Saturday 26 March 2016

Paradox database.db recycled into Libre Office ready for mailing label generation

Problem

A neighbour asked for some help moving over from a couple of turn of the century windows XP boxes onto a new PC running Windows 10. Most of this was easy as the printer was quite up-to-date and most of the activity on the machine was for email using Thunderbird and document creation using Word 2003. The sting in the tail was the "Mailings" system used to handle a small business mailing list. As can be seen the standard address data was supplemented with some flags marked a..z which are used to record various attributes about the entry.  The main output from the system was mailing labels used for posting catalogs. There are about 5700+ entries in the database.



Research and process

The first task was to find which database system is used to hold the data, then see if the data can be extracted easily. Step two would be to reformat the extracted data into a modern usable format and finally figure out how to create mailing labels from that data.

Finding the brand of database was achieved by online search of files ending in .DB and .PX. Doing a strings command on the .EXE file and looking on the web for hints from the contents.

The strings output gave these names that looked like sub-routines or procedure names near the start of the file.

DBEDIT
DBGARROW
DBINSERT
DBN_CANCEL
DBN_DELETE
DBN_EDIT
DBN_FIRST
DBN_INSERT
DBN_LAST
DBN_NEXT
DBN_POST
DBN_PRIOR 

Search on these names gave hints that Delphi development environment had been used. The searches for .DB and .PX had results that indicated a Paradox database was being used. This matched with the known technology from the age of the system from around 2004. 

There are four main ways to read and refactor database files :
  1. Start the existing database - connect to it and extract all the data,
  2. Read the database files using an extractor tool, reformat or reuse the output,
  3. Read the database files and figure out the low level format to extract the records and rebuild into an input format,
  4. Use the import feature of a new database to read an older one.

The major advantage of using some kind of extraction tool  2) over a forensic bit twiddling approach 3) are time to solution, accuracy and ease of use.  Extraction from database using encryption mandate methods 1 & 4 above. For this project method 2 was to be used.

Knowing that the database was in Paradox format allowed the research to be more focused on obtaining a read and extract tool. Luckily the Wikipedia page for Paradox database listed PxTools & Pxlib combination that could be used to read an existing database file. The PxTools project is partly hosted on Sourceforge and partly on private web pages of  Jan Kneschke. The download links were a bit mixed up but just knowing that such a tool existed was enough to believe that clean extraction would be possible.

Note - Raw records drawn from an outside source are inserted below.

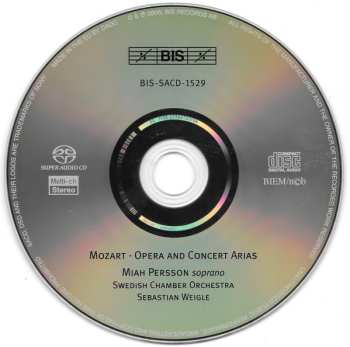 SACD Wolfgang Amadeus Mozart: Un Moto Di Gioia: Opera & Concert Arias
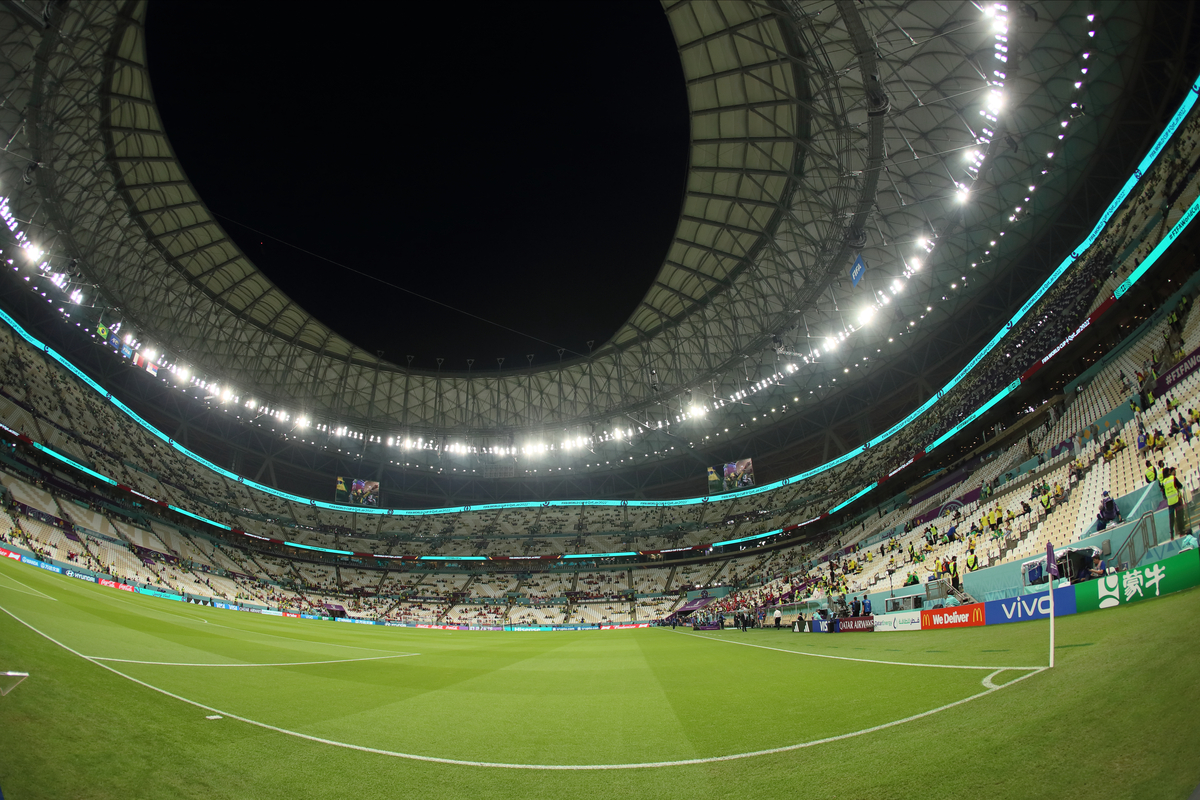 STADION LUSAIL fudbaleri reprezentacije Srbije na utakmici FIFA Svetskog prvenstva 2022 protiv Brazila, Doha, 24.11.2022. godine Foto: Marko Metlas Fudbal, Srbija, Brazil, FIFA Svetsko prvenstvo 2022, Katar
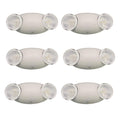 Amazon Basics LED Emergency Light, UL Certified, 6-Pack, Adjustable Two LED Bug Eye Head, Battery Backup, 90-Minute Backup, Nickel Cadmium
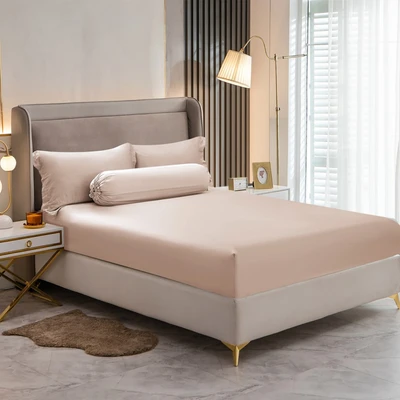 Gambar Informa 160x200 cm Seprai Queen 460 TC Fitted C Pink - Tencel Lyocell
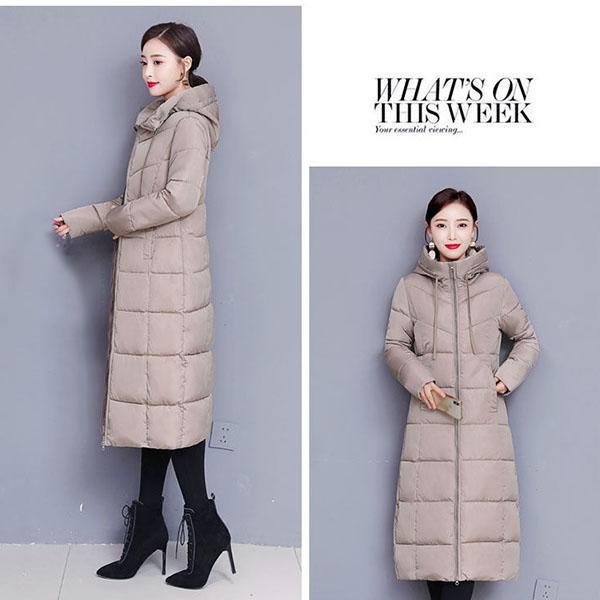 Paltoane de bumbac de lungime medie pentru femei, Paltoane de iarnă, Paltoane plus size, Haine pentru mamă, Îngroșate, Paltoane lungi peste genunchi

After some struggles to get a clean compile of the pxlib and link-load with pxtool ( -lm was needed ) a viable binary was obtained. 

Many database files build in the format of the data into a header record. Once that header is understood the rest of the data extraction is quite straight forward. The pxtool was then able to pull the record format and then provide the data in a variety of formats.

$ more ADDRESS_sceema.txt
File Version:            5.0
File Type:               indexed .DB data file
Tablename:               resttemp.DB
Num. of Records:         5716
Theor. Num. of Rec.:     6980
Num. of Fields:          36
Header size:             2048 (0x800)
Max. Table size:         2 (0x800)
Num. of Data Blocks:     1396
Num. of 1st Data Block:  1
Num. of last Data Block: 1241
Num. of prim. Key fields: 1
Next auto inc. value:    0
Write protected:         0
Code Page:               437 (0x1B5)
Encryption:              0x0
Update time:             27.8.2001 23:00:00 (998949600)

Fieldname          | Type
------------------------------------
         Client No | int(4)
           Surname | char(50)
              Name | char(50)
           Address | char(100)
              Town | char(30)
            County | char(30)
          Postcode | char(10)
         Telephone | char(40)
              Date | int(2)
                 A | boolean(1)
                 B | boolean(1)
                 C | boolean(1)
                 D | boolean(1)
                 E | boolean(1)
                 F | boolean(1)
                 G | boolean(1)
                 H | boolean(1)
                 I | boolean(1)
                 J | boolean(1)
                 K | boolean(1)
                 L | boolean(1)
                 M | boolean(1)
                 N | boolean(1)
                 O | boolean(1)
                 P | boolean(1)
                 Q | boolean(1)
                 R | boolean(1)
                 S | boolean(1)
                 T | boolean(1)
                 U | boolean(1)
                 V | boolean(1)
                 W | boolean(1)
                 X | boolean(1)
                 Y | boolean(1)
                 Z | boolean(1)
     Mailsort Code | int(4)
------------------------------------
     Record length | 346 (0x15A)

Extracts in .cvs and .html and .sql were obtained using the various options of PxTool. The database originally had some more involved functions to enable the use of mail sort codes but this was no longer needed. 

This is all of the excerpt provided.